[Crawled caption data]
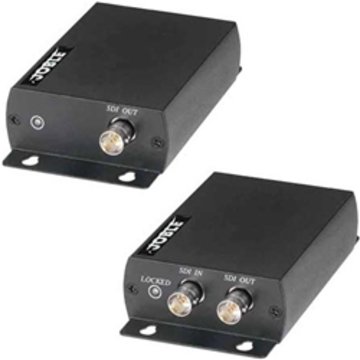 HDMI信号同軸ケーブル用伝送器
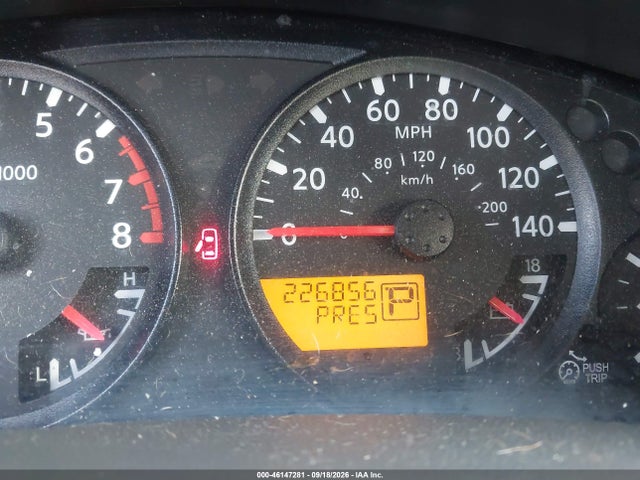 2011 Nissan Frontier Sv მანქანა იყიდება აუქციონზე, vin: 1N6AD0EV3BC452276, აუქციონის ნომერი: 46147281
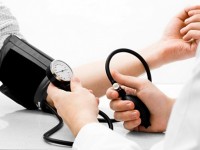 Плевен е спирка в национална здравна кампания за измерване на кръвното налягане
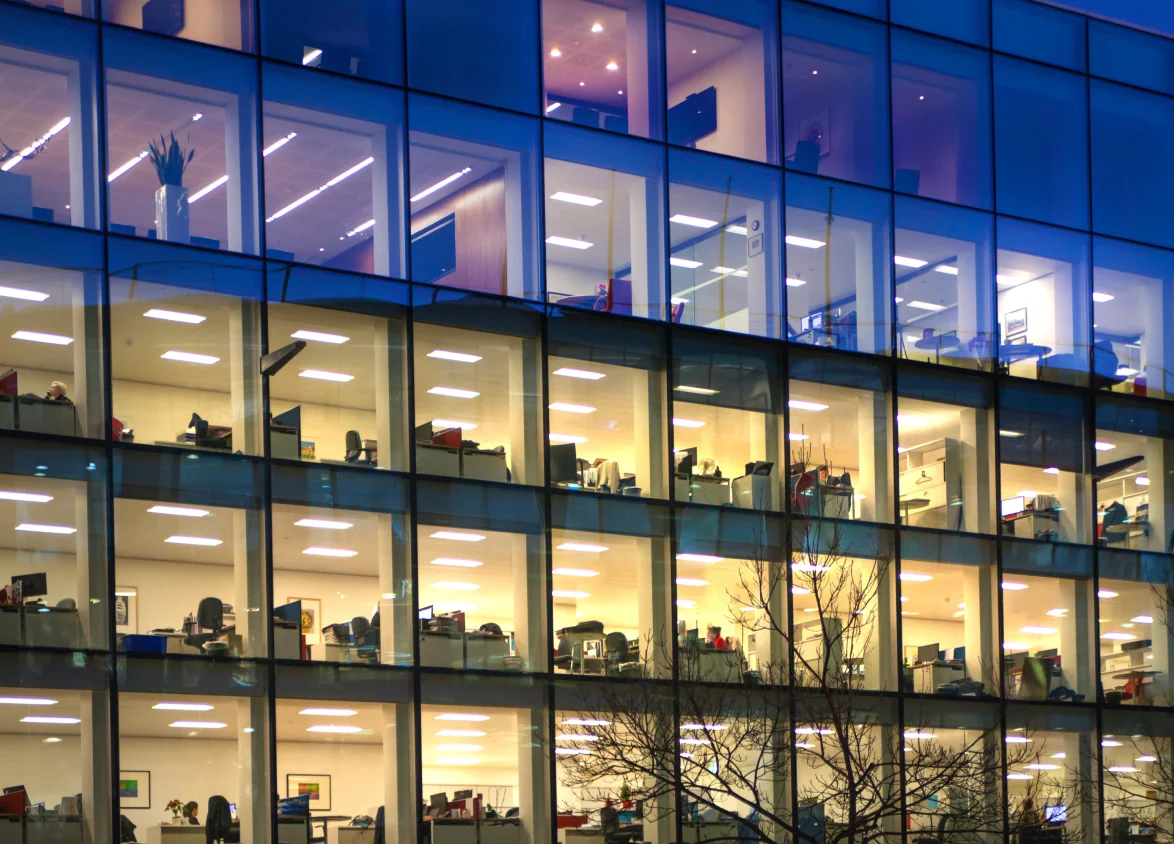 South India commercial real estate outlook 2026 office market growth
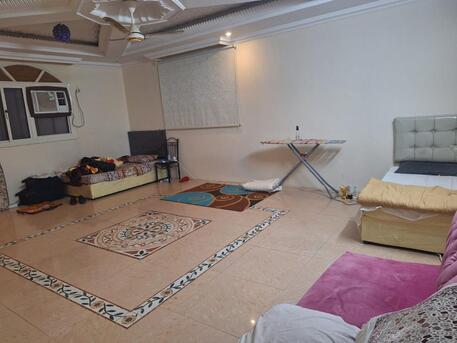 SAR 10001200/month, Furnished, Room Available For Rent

Problem: No pictures should appear in the copy. Print exactly the lines above from the line containing "Плевен е спирка" through the last line of the data.

Task output:
 Плевен е спирка в национална здравна кампания за измерване на кръвното налягане
 South India commercial real estate outlook 2026 office market growth
 SAR 10001200/month, Furnished, Room Available For Rent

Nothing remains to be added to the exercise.